Task item: The answer must be every line of the data that holds the word "Grey".

------ Available data

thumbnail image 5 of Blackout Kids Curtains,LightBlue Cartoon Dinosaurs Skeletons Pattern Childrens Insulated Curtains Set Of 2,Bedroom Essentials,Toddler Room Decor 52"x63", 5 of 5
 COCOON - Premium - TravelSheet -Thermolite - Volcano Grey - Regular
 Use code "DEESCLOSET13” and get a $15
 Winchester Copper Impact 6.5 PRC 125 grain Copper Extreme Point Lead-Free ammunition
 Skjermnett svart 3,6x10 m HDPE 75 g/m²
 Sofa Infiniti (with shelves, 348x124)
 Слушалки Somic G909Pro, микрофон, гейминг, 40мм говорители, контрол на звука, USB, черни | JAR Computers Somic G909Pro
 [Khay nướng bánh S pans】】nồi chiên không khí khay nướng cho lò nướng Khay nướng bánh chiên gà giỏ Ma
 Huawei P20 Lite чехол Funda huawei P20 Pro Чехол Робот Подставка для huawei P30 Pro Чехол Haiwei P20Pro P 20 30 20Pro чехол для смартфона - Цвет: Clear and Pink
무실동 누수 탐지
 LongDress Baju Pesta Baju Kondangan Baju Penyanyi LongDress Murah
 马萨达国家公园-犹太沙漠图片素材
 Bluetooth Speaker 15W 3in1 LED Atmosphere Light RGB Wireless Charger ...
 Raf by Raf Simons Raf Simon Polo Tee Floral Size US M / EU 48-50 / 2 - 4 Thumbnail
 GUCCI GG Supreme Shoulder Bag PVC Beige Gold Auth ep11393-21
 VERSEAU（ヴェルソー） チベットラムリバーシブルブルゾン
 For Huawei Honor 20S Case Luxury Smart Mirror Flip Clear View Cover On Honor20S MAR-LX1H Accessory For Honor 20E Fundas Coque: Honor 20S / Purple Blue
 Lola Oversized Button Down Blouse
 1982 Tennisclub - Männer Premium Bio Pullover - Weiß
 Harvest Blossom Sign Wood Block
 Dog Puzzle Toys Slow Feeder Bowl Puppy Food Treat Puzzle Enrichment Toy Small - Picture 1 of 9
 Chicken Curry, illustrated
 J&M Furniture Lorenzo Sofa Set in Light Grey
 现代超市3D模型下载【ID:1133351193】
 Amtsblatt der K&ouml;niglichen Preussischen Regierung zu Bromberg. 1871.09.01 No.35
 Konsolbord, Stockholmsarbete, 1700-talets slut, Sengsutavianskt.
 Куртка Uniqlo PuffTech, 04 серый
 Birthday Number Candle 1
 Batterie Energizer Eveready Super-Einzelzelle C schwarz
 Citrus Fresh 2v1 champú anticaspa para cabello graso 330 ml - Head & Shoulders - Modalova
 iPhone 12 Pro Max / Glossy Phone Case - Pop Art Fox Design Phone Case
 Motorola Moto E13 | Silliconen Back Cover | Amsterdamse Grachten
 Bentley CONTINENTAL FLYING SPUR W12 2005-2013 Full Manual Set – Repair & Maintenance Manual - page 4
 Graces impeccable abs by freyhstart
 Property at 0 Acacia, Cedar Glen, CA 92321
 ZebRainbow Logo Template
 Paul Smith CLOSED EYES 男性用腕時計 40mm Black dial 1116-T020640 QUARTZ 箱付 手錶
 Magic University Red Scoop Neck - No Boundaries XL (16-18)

------------

Finished task:
 COCOON - Premium - TravelSheet -Thermolite - Volcano Grey - Regular
 J&M Furniture Lorenzo Sofa Set in Light Grey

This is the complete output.